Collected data
----

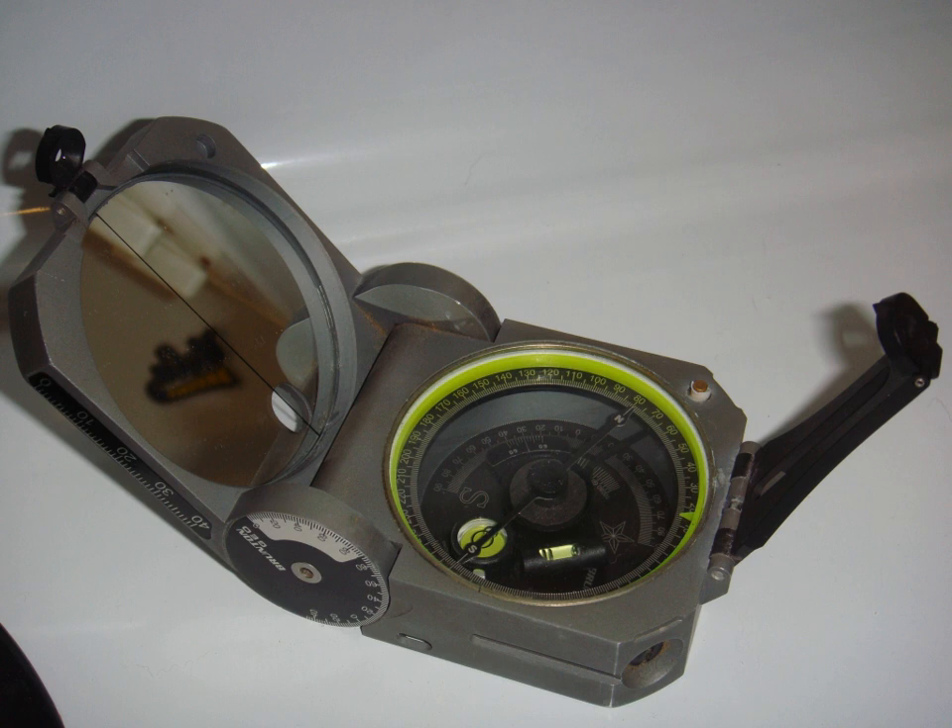As with most traditional compasses, directional measurements are made in reference to the Earth's magnetic field. Thus, measurements are sensitive to magnetic interference. For example, if the user is near an outcrop that contains magnetite or some other iron-bearing material, compass readings can be affected anywhere from several inches from the outcrop to tens of yards away, depending on the strength of the magnetic field. Since they are measured with a rotating level, dip measurements are unaffected by magnetic interference.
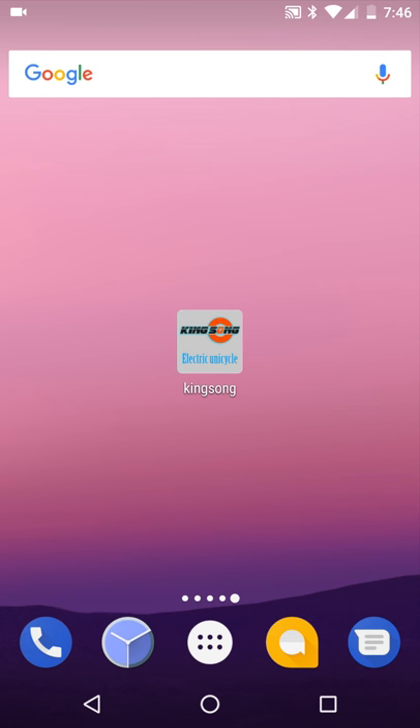Hi, this is Ty with JuiceWheels.biz. I just wanted to do a quick video on how to download the Kingsong app and some basic functions of the app. This video is just for beginners — it's really just to get you up and running, rolling on your wheel as soon as you can.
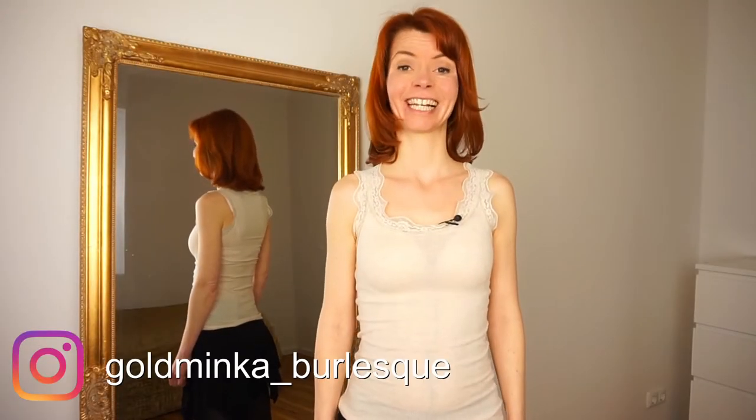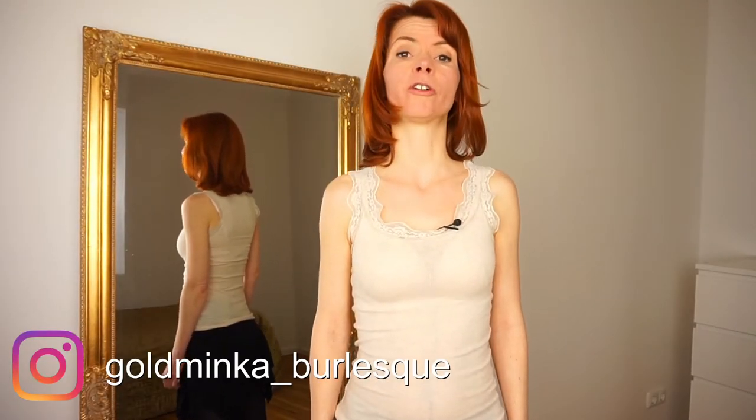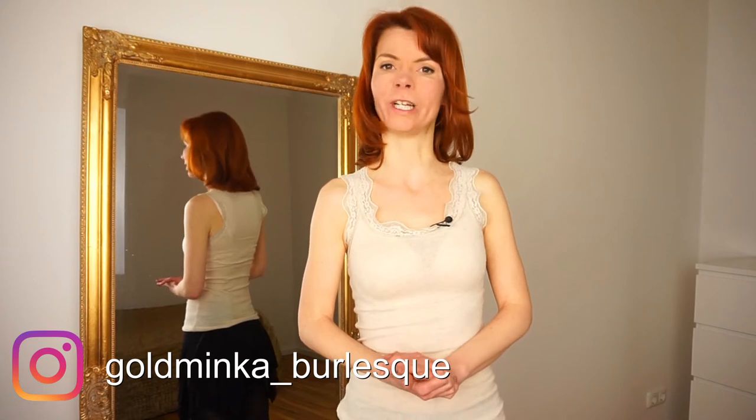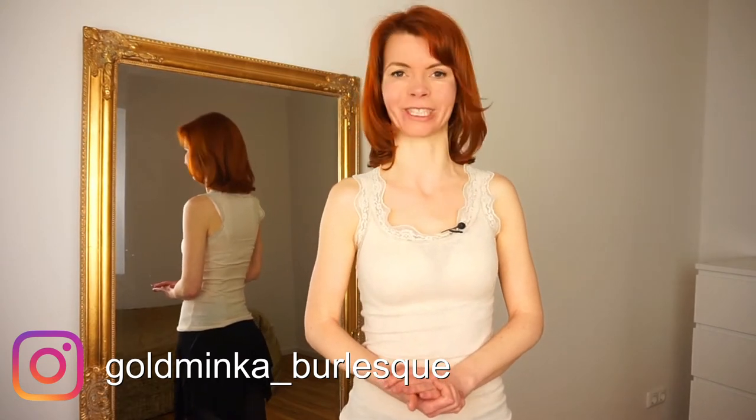Hello! In this video you're going to learn three important do's and don'ts you have to pay attention to when creating your burlesque routine. For me, tip number three is the most important thing, but now let's start with number one.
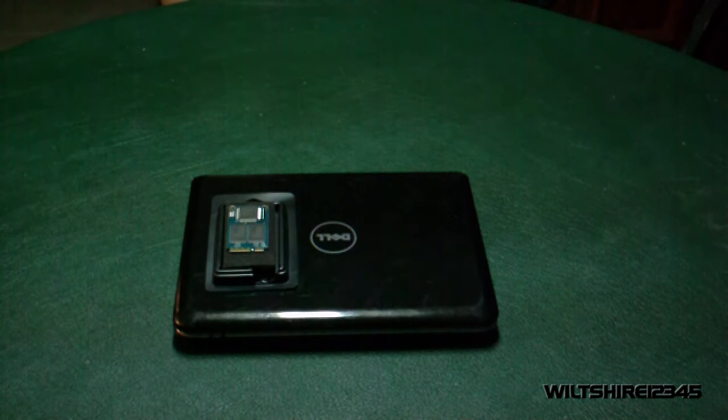Hello everyone and welcome to a video tutorial brought to you by Wiltshire. Today we'll be having a look at how to change your solid-state drive in the Dell Mini Inspiron 910.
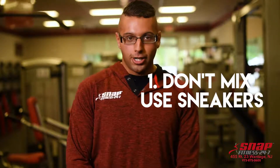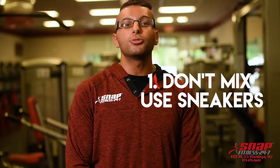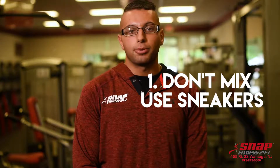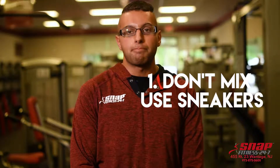Hey everybody, this is Perry from Snap Fitness and Monage, giving you a tip of the month. Don't make shoes multitask. Walking shoes are stiffer, running shoes are more flexible with extra cushioning to handle greater impact. If you do both activities, get a pair for each one.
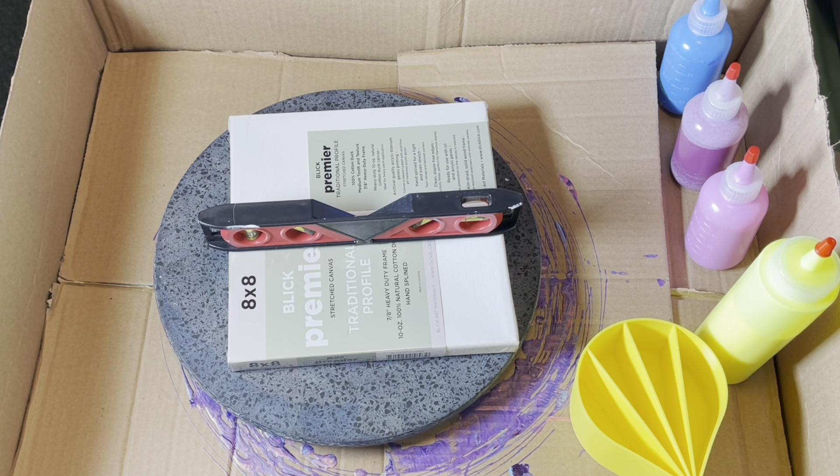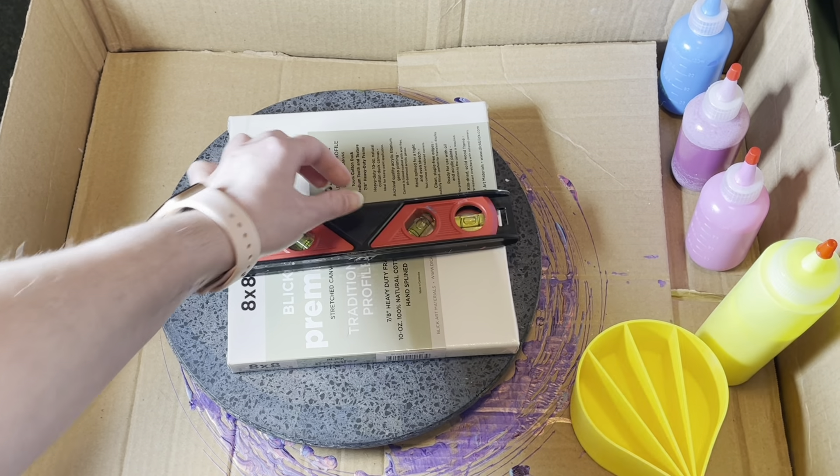Hi guys, it's Amanda, welcome back. I'm going to use the other split cup today that I purchased when I bought the one I used in my last video. I have different paints I want to try: one is a neon yellow from Artist Loft, which I've used before. The other three are a Folk Art brand — Extreme Glitter. There's a pink, a fuchsia, and a robin's egg blue — maybe pink parfait or something like that.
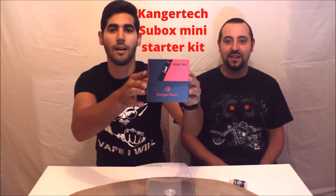Hey everyone, welcome to our brand new channel. This is Vape and Cuz. I'm Michael and that's George. He's Michael and I'm George. And today we're reviewing the new Kinder Subbox Mini Starter Kit.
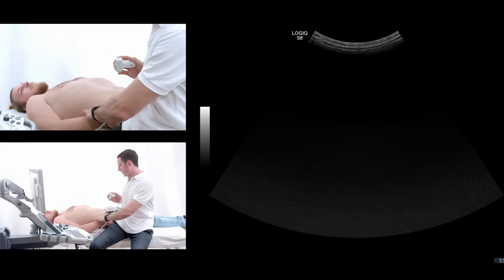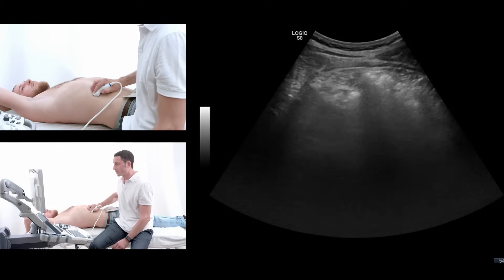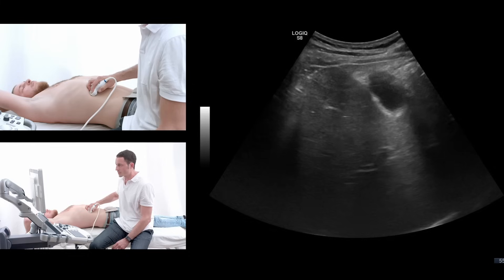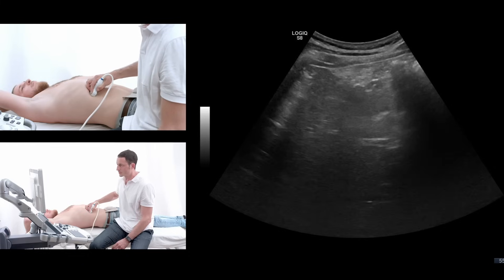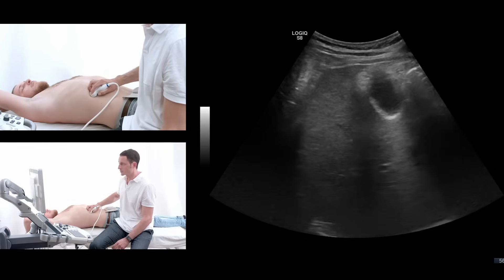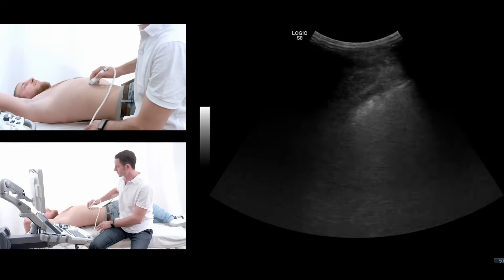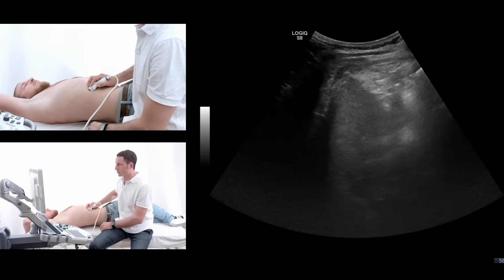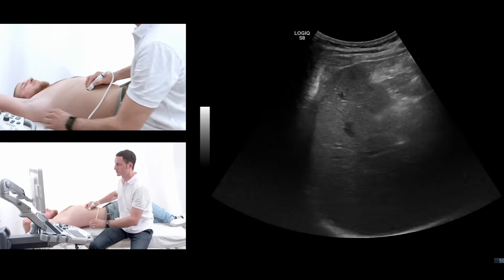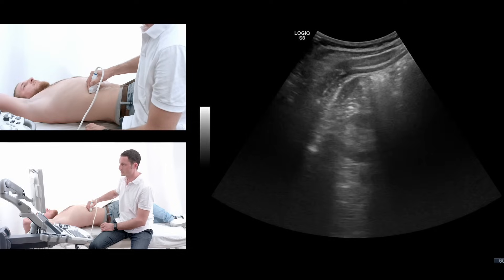You can also put the right arm over your head. Take a deep breath again. And here you can see the picture getting a little bit better, but still it's not optimal. Can you turn around to the left side a little bit? Take a deep breath again. Now we can see the right liver lobe a little bit better.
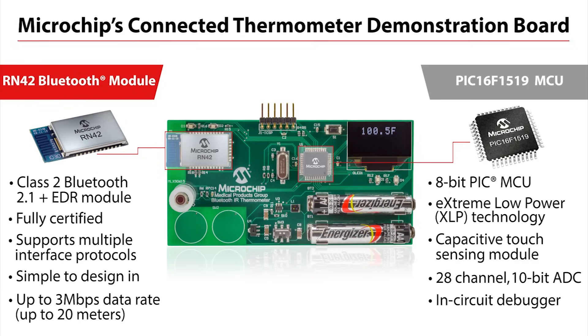Connectivity is demonstrated on this board by the use of Microchip's fully qualified RN42 Bluetooth module. Due to the modularity of this design, Bluetooth low energy or Wi-Fi can also be easily implemented on this board using the respective Microchip connectivity modules.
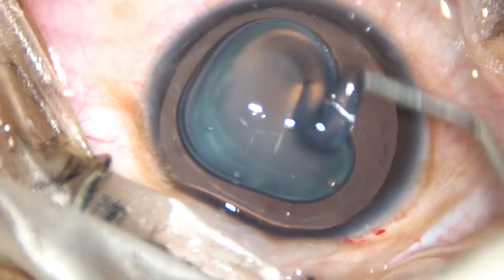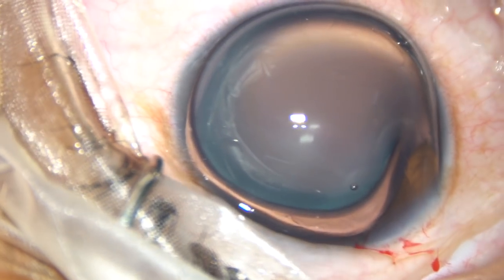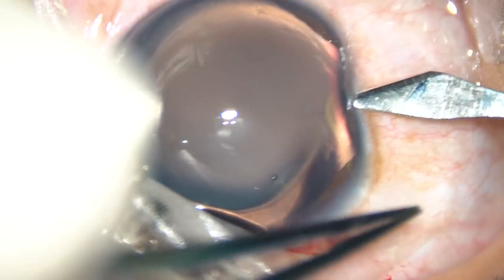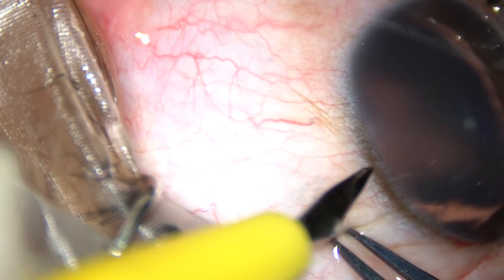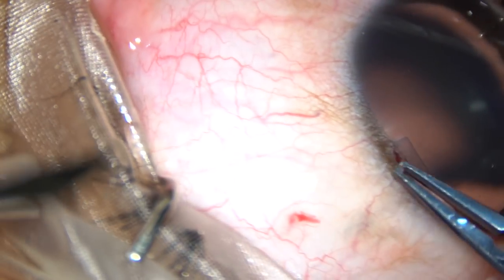Viscoelastic substance has been injected. Visco is applied with the corneal epithelium and now two paracenteses. This is a paracentesis on the right side of the main incision, and this is another paracentesis on the left side of the main incision.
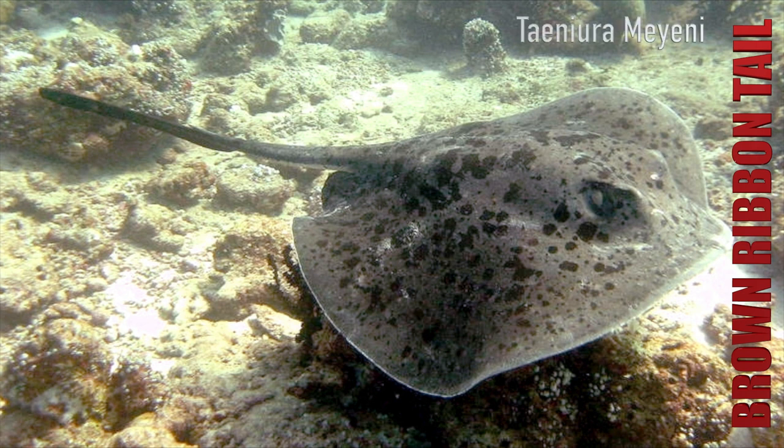So today we're going to be talking about a species that's either loved or hated — it's called the round ribbon tail ray. The scientific name is Tyniura meeni, quite a tricky one. The round ribbon tail is very similar in shape to a blue skate. They've got a very round profile — not like your brown skate or honeycomb with a pointed nose. It's almost like a big suction cup, and that's kind of how they behave.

----

* [Instructions for the task]: Only one stretch of the data is wanted: write out exactly the lines from the one holding "Hey everyone, welcome" through the one holding "Viscoelastic substance has", both included, without the pictures.

* [Task response]:
Hey everyone, welcome to our brand new channel. This is Vape and Cuz. I'm Michael and that's George. He's Michael and I'm George. And today we're reviewing the new Kinder Subbox Mini Starter Kit.
You can also put the right arm over your head. Take a deep breath again. And here you can see the picture getting a little bit better, but still it's not optimal. Can you turn around to the left side a little bit? Take a deep breath again. Now we can see the right liver lobe a little bit better.
Connectivity is demonstrated on this board by the use of Microchip's fully qualified RN42 Bluetooth module. Due to the modularity of this design, Bluetooth low energy or Wi-Fi can also be easily implemented on this board using the respective Microchip connectivity modules.
Viscoelastic substance has been injected. Visco is applied with the corneal epithelium and now two paracenteses. This is a paracentesis on the right side of the main incision, and this is another paracentesis on the left side of the main incision.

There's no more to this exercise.